This statement is being jointly filed by Saba Capital and Mr. Weinstein (together, the "Reporting Persons") with respect to the ownership of the Common Shares by (the following, the "Saba Entities"): Saba Capital Master Fund Ltd. ("SCMF"), Saba Capital Master Fund II AIV, L.P. ("SCMF II"), Saba Capital Leveraged Master Fund Ltd. ("SCLMF"), Saba Capital Series LLC Series 1 ("SCS"), Saba Capital CEF Opportunities 1, Ltd. ("SCEF 1") and Saba Capital CEF Opportunities 2, Ltd. ("SCEF 2").2 Any disclosures herein with respect to persons other than the Reporting Persons are made on information and belief after making inquiry to the appropriate party.

   

Information required by Instruction C of Schedule 13D with respect to Management is set forth herein.

   

The filing of this statement should not be construed as an admission that any Reporting Person, Management or any Saba Entity is, for the purposes of Sections 13 of the Securities Exchange Act of 1934, the beneficial owner of the Common Shares reported herein.

   
(b)

The address of the business office of each of the Reporting Persons and Management is 405 Lexington Avenue, 58th Floor, New York, New York 10174.

   
(c)

The principal business of: (i) Saba Capital is to serve as investment manager to the Saba Entities, (ii) Mr.
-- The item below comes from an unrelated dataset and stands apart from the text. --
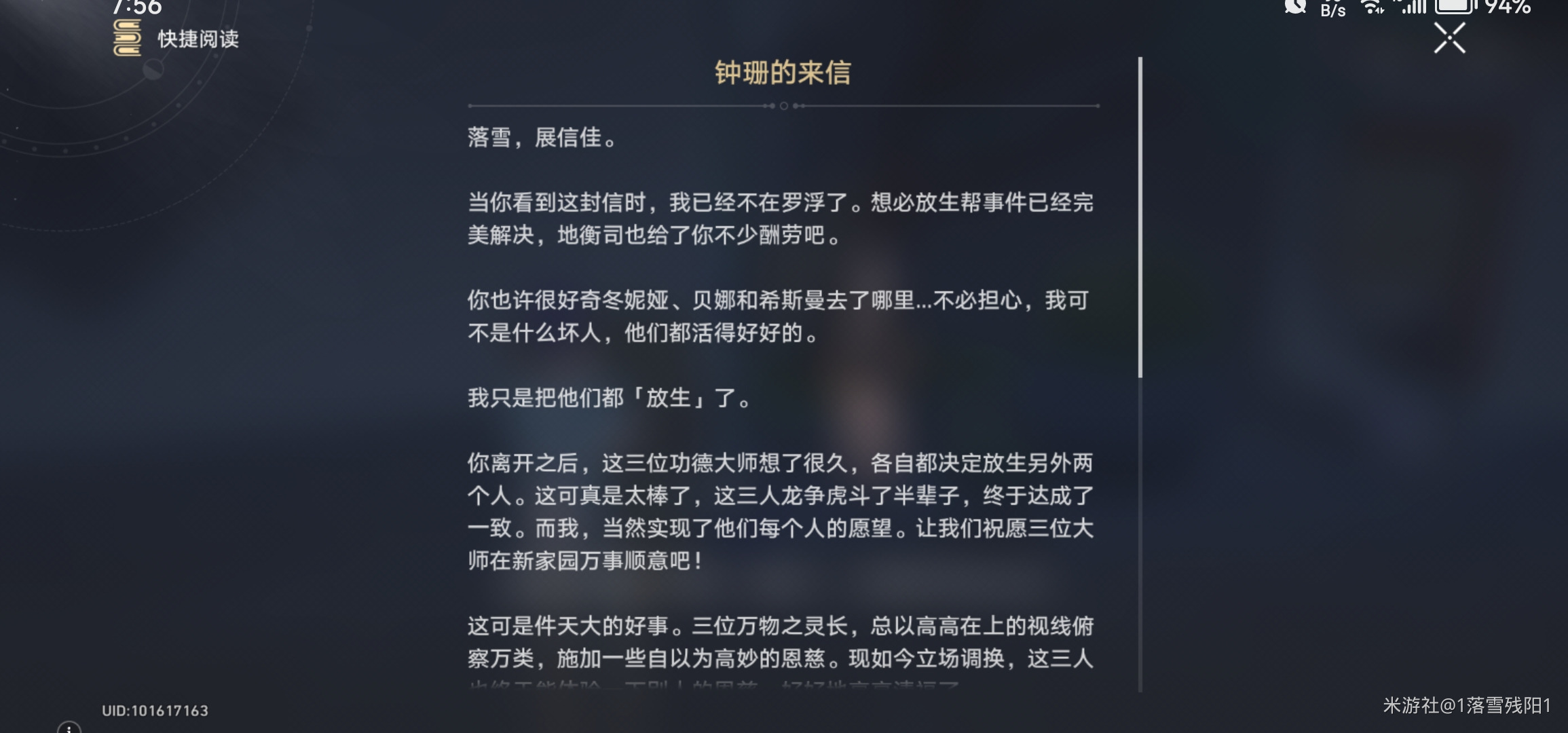 崩坏星穹铁道钟珊的来信获取攻略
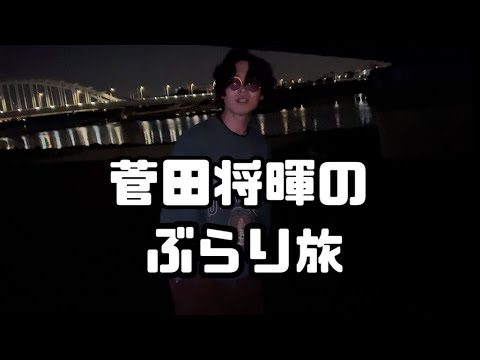 【神回】菅田将暉が夜の街を散歩してキュンキュンさせてくれました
Weinstein, an individual, is investment management and serving as the Managing Member of Management and other affiliated entities and (iii) Management is to serve as general partner of Saba Capital.

______________________________
2 Saba Capital is the investment manager of the Saba Entities and by virtue of such status may be deemed to be the beneficial owner of the securities held by the Saba Entities. Saba Capital Management GP, LLC ("Management") is the general partner of Saba Capital. Management does not directly hold any Common Shares. Boaz R. Weinstein is the Managing Member of Management and as a result may be deemed to have voting and investment power with respect to the securities held by the Saba Entities.
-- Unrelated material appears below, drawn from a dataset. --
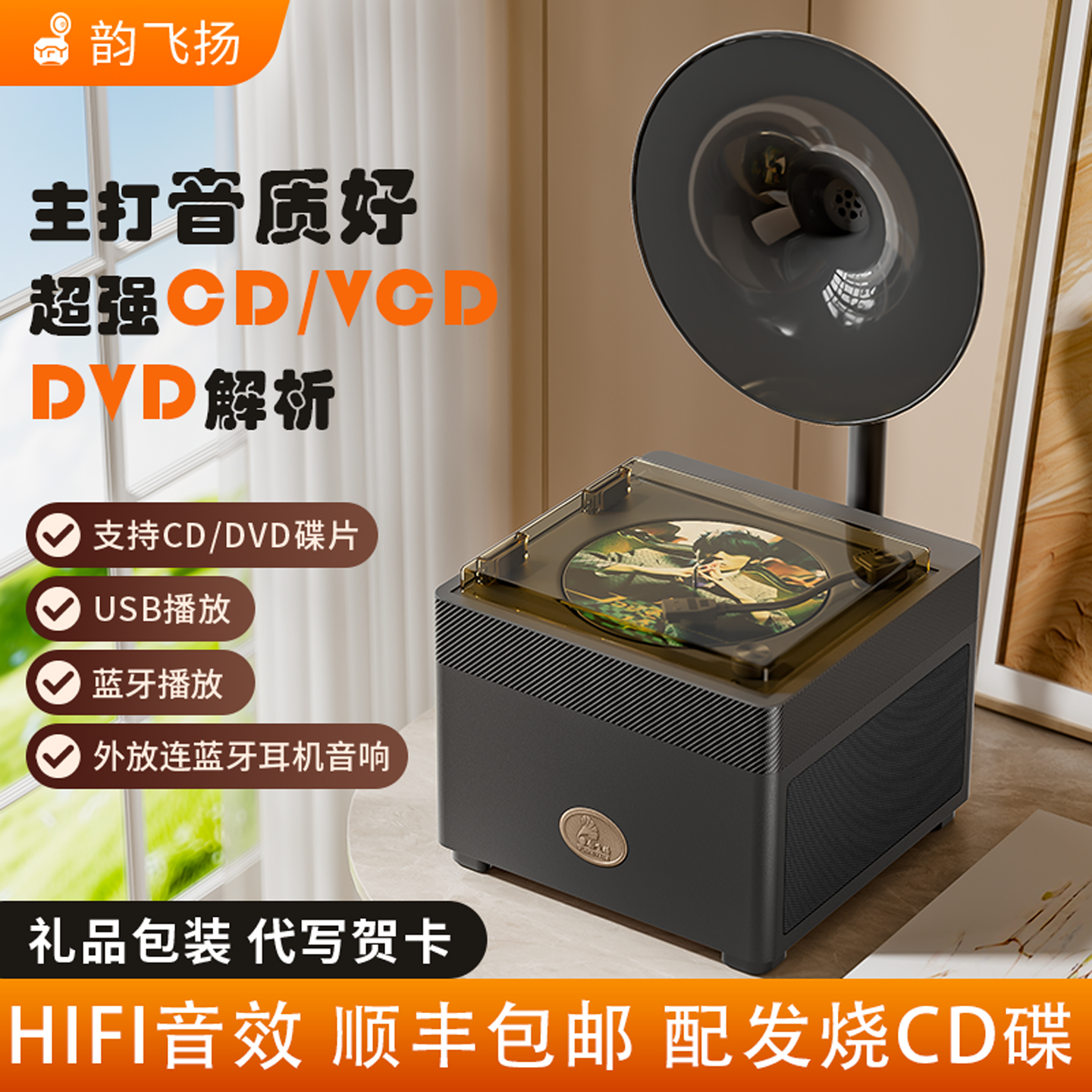 复古cd机dvd播放机高颜值音质好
CUSIP No. 18914C100 SCHEDULE 13D Page 2 of 10 Pages

(d)

None of the Reporting Persons or Management has, during the last five years, been convicted in a criminal proceeding (excluding traffic violations or similar misdemeanors).

   
(e)

None of the Reporting Persons or Management has, during the last five years, been a party to a civil proceeding of a judicial or administrative body of competent jurisdiction and, as a result of such proceeding, was, or is subject to, a judgment, decree or final order enjoining future violations of, or prohibiting or mandating activities subject to, Federal or State securities laws or finding any violation with respect to such laws.

   
(f)

Saba Capital is organized as a limited partnership under the laws of the State of Delaware. Mr. Weinstein is a citizen of the United States. Management is a limited liability company organized under the laws of Delaware.

   

The Reporting Persons have executed a Joint Filing Agreement, dated January 6, 2017, with respect to the joint filing of this Schedule 13D, and any amendment or amendments hereto, a copy of which is attached hereto as Exhibit 1.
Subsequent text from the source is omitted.